Production gains from organic and inorganic damage remediation are transient since the damage process is ongoing. Re-treatment at regular intervals is recommended to maximise economic return.

References

1. Michael E.Newberry. Chemical  effects  on  crude oil pipeline pressure problems. Journal of Petroleum Technology. May 1984: p. 779 - 786.

2. Michael E.Newberry, K.M.Barker. Formation damage prevention through the control of paraffin and asphaltene deposition. SPE 13796-MS. The 1985 SPE Production Operations Symposium, Oklahoma City, Oklahoma. 10 - 12 March, 1985: p. 53 - 61.

3. Michael E.Newberry, K.M.Barker, K.P.Flynn. Identification and remediation of organic skin damage.  The 1999 AIChE Spring National Meeting, Houston, Texas. International Conference on Petroleum & Gas Phase Behavior and Fouling. 14 - 18 March, 1999.

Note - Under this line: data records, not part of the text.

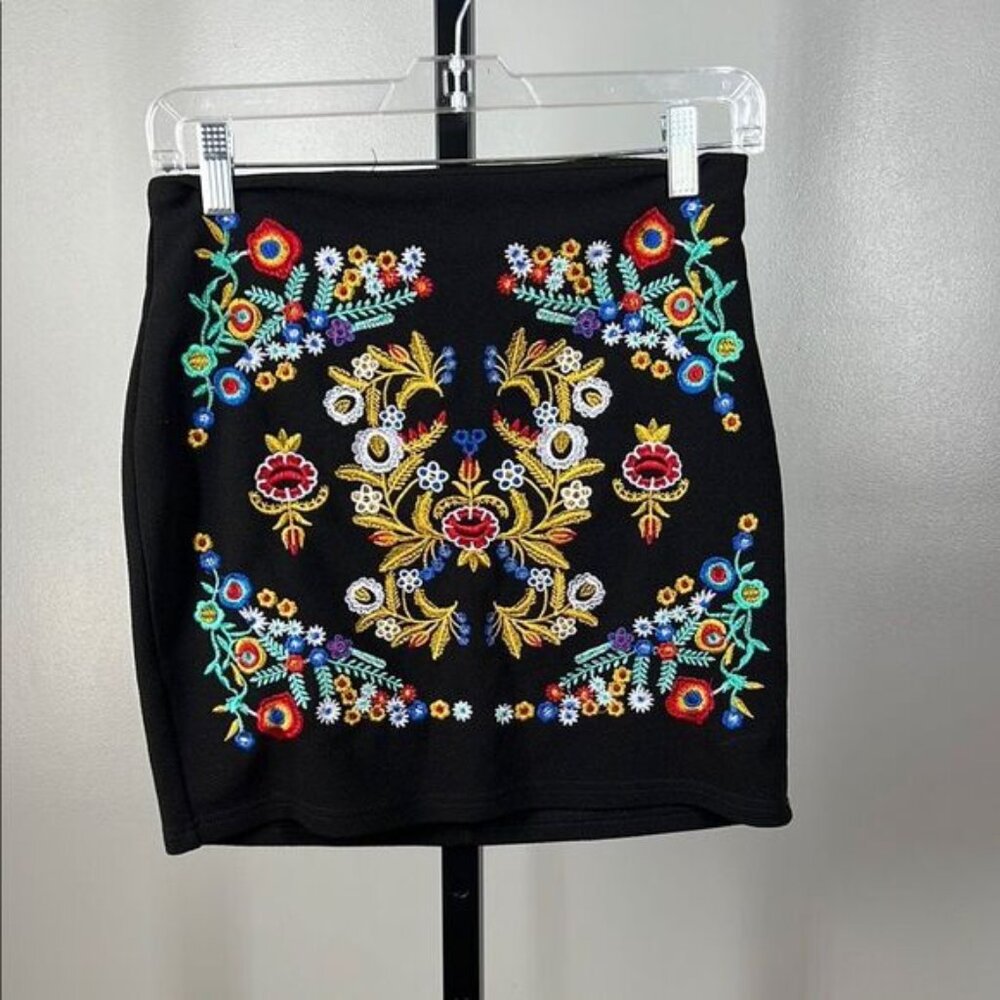 SHEIN Embroidered Black Skirt with Floral Design
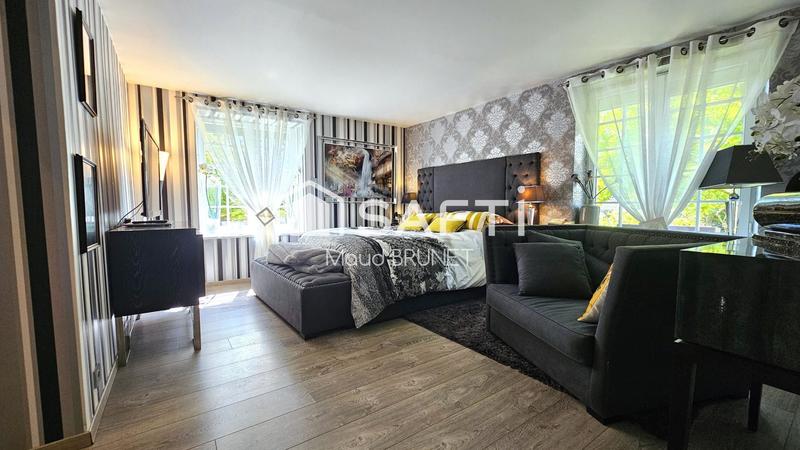 Maison - 337 m² - 11 pièces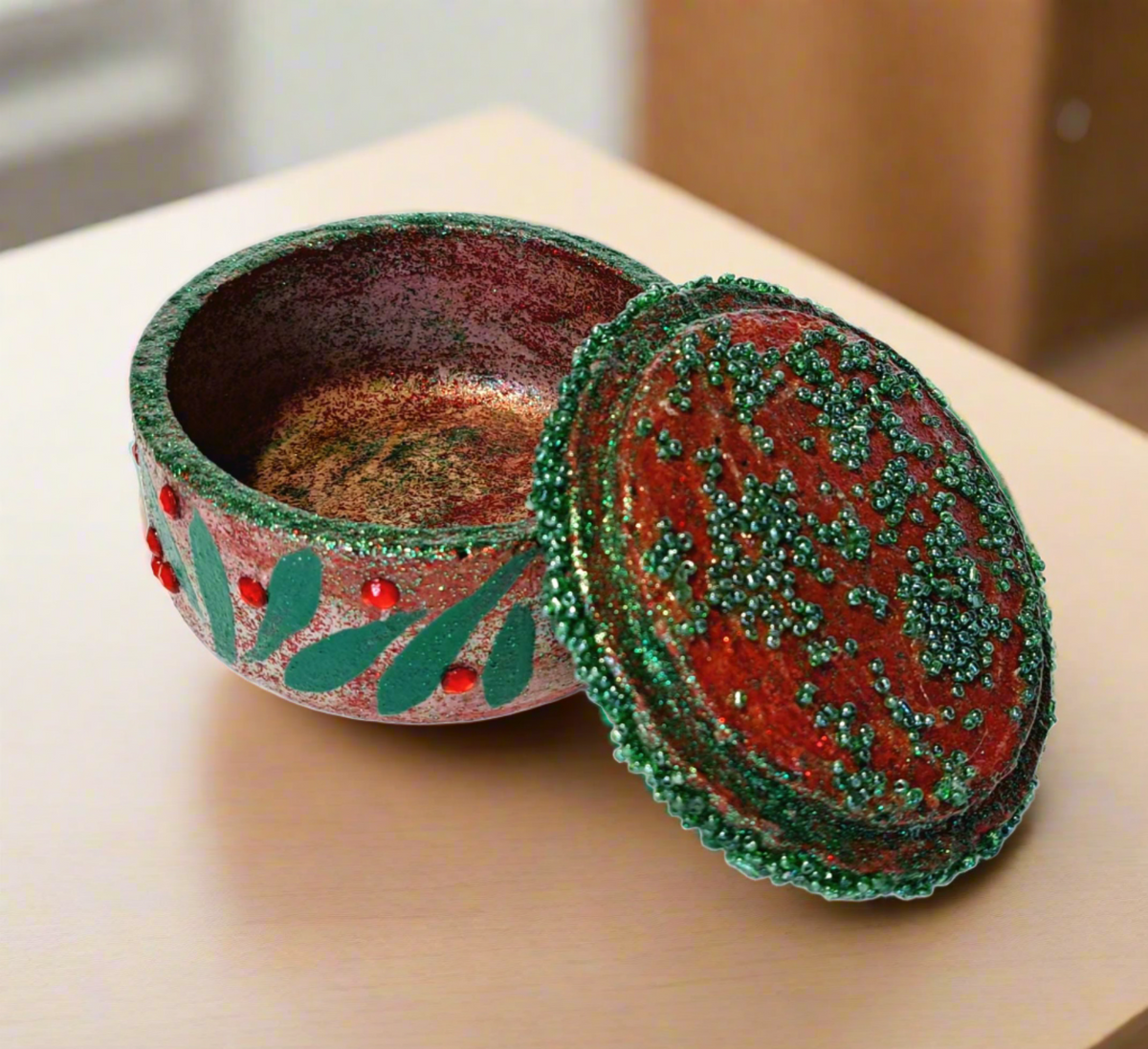 Зелена кутия с червени цветя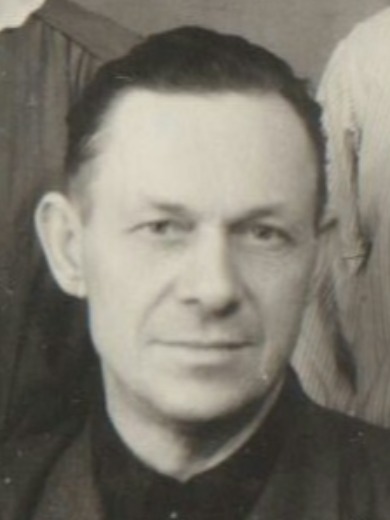 Студенников Иван Николаевич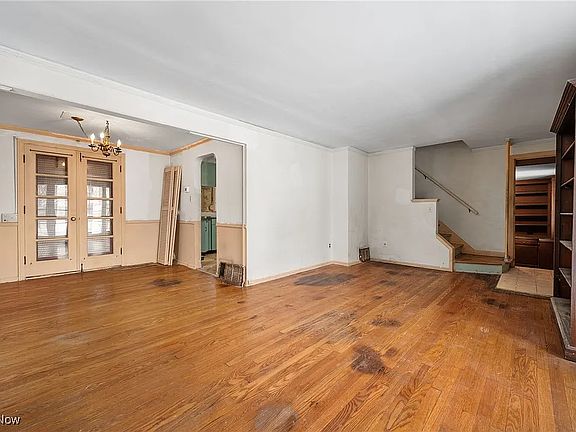 2nd image of 20111 Lanbury Ave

4. Michael E.Newberry, K.M.Barker. Organic formation damage control and remediation. SPE 58723-MS. The 2000 SPE International Symposium on Formation Damage, Lafayette, Louisiana. 23 - 24 February, 2000.

5. D.W.Jennings, R.Cable, Michael E.Newberry. Asphaltene stability analyses for optimizing field treatment programs. SPE170677-MS. The 2014 SPE Annual Technology Conference and Exhibition, Amsterdam, The Netherlands. 27 - 29 October, 2014.

6. K.M.Barker, D.B.Sharum, D.Brewer. Paraffin damage in high  temperature  formations,  removal  and  inhibition. SPE 52156-MS. The 1999 SPE Mid-Continent Operations Symposium, Oklahoma City, Oklahoma. 28 - 31 March, 1999.